* Problem to solve *
Return the lines of the listing below exactly as they appear, beginning at the one with "Sheajuddowla image" and stopping after the one with "橫掃千軍vivo手機(jī)版 v25.3.50 安卓版 2"; do not include pictures.

* Exercise inputs *
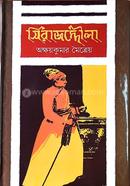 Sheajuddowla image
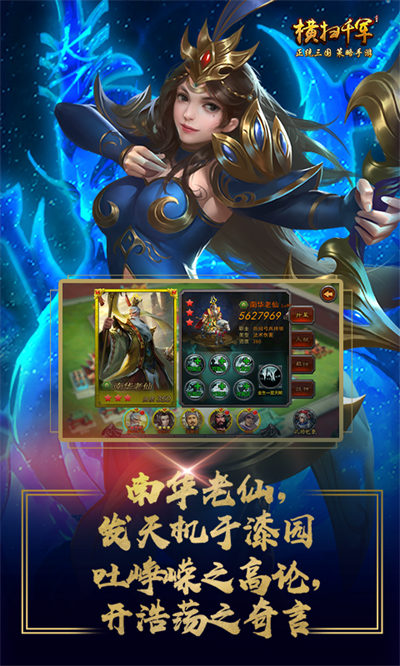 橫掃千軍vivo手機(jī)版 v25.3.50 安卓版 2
==
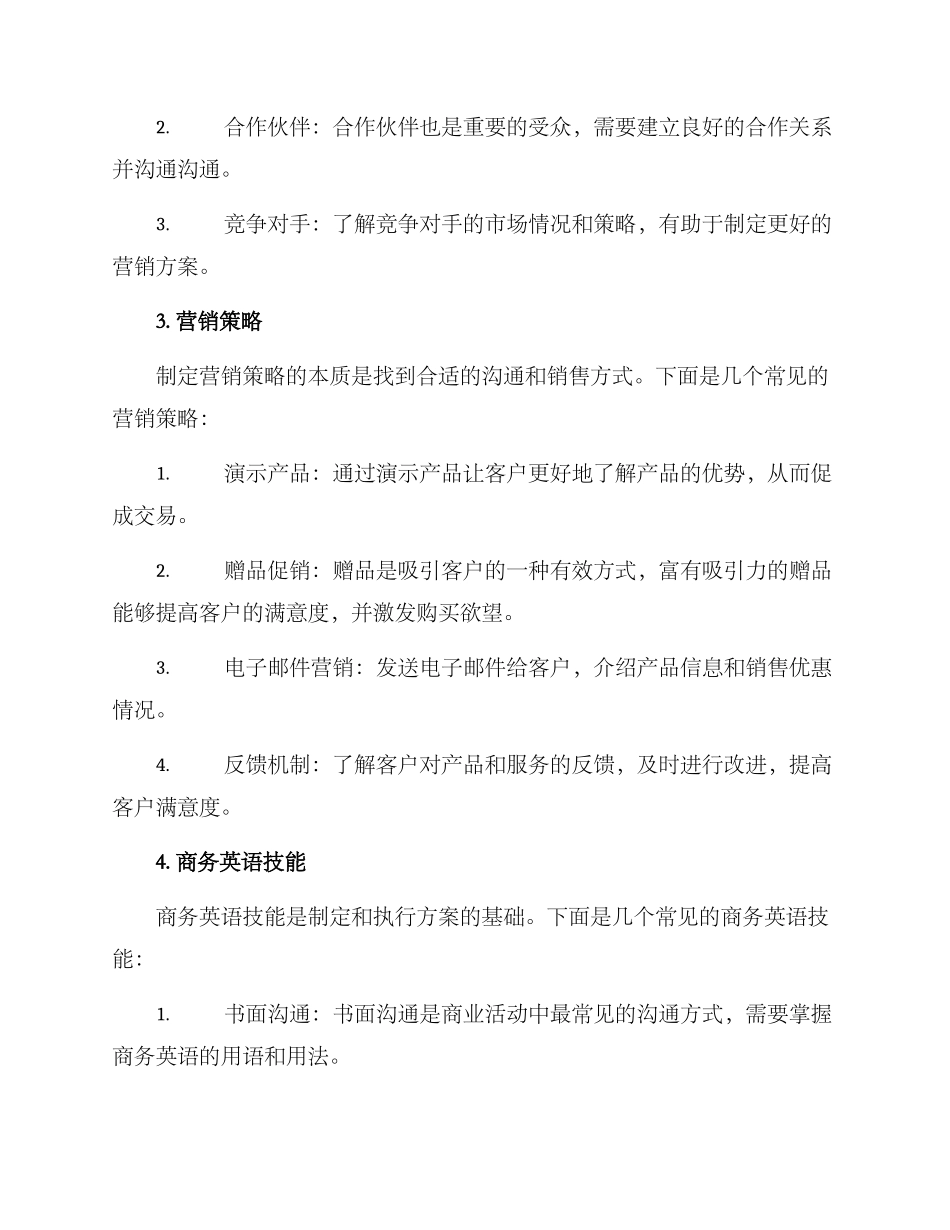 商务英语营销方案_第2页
--
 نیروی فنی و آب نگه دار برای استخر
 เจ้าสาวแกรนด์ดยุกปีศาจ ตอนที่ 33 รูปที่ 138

* Solution to this task *
 Sheajuddowla image
 橫掃千軍vivo手機(jī)版 v25.3.50 安卓版 2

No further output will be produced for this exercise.